Researchers have identified a possible mechanism for why cutaneous leishmaniasis lesions are painless, an understanding that could lead to the development of new pain medications.
According to a press release from Ohio State University, researchers analyzed leishmaniasis lesions on mouse skin to detect metabolic signalling pathways that differed from uninfected mice.
Their findings suggest the parasites that cause the disease change pain perception.
“No one knows why these lesions are painless—but it has been thought that the parasite somehow manipulates the host physiological system,” said Abhay Satoskar, MD, PhD, senior author of the study and professor of pathology in The Ohio State University College of Medicine, in the release.
“Based on our data, something the parasites do triggers pathways that suppress pain. How they do that, we’re still investigating.”
The authors note that their research both increases understanding of a parasitic disease, it could also lead to the development of new non-narcotic pain medications.
“We hypothesize that any molecules the parasite’s presence is producing could be potential painkillers for other health problems,” Dr. Satoskar said.
The study was published in the journal iScience.

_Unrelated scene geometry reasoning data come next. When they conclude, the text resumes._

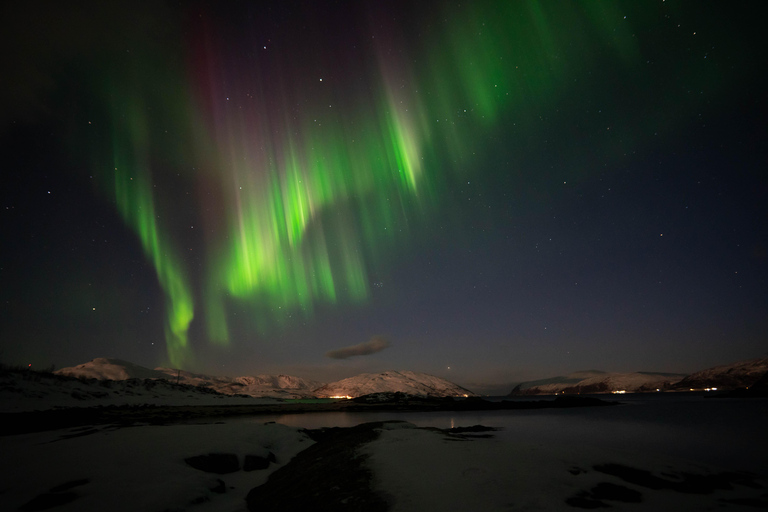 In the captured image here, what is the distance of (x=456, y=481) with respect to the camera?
8.30 m

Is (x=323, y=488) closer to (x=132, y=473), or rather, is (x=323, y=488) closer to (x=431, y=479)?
(x=431, y=479)

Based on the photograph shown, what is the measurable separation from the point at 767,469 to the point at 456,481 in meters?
16.5

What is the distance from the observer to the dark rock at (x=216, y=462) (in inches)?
470

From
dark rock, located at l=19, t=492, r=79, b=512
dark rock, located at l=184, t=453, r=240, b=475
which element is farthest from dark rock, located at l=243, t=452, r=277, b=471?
dark rock, located at l=19, t=492, r=79, b=512

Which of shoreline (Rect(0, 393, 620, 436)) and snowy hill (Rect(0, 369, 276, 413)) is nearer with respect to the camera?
shoreline (Rect(0, 393, 620, 436))

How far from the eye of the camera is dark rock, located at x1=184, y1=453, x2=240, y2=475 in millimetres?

After giving mice chronic infections with Leishmania mexicana, the species that causes cutaneous leishmaniasis in South, Central, and North America, researchers used mass spectrometry analysis of the lesions to identify molecules known to be associated with pain suppression.
They found numerous metabolites that have been linked in previous research to blockage of pain perception. They also found pathways with pain-relief properties tied to the brain’s endocannabinoid system, which is involved in a host of physiological processes, including the pain response.
Cell-culture experiments in infected macrophages, the immune cells in which Leishmania parasites live, showed an increase in most, but not all, of the same changes as in the lesions.
Finding that certain pain-suppression pathways aren’t increased in infected macrophages leaves some questions unanswered, said Dr. Satoskar, who is also a professor of microbiology at Ohio State.
“The infection does something in the cell that could be a direct or indirect effect—we don’t know. But the environment that the infection creates leads to production of these metabolites,” he said. “The exciting thing is that this is the first time we’ve begun to understand the cellular basis of why there is no pain in these lesions.
“The next key question is, if we know these pathways are responsible, then how are they triggered? By the parasite, or something the parasite is doing to the host cell, or a combination of both? There could be a lot of things happening.”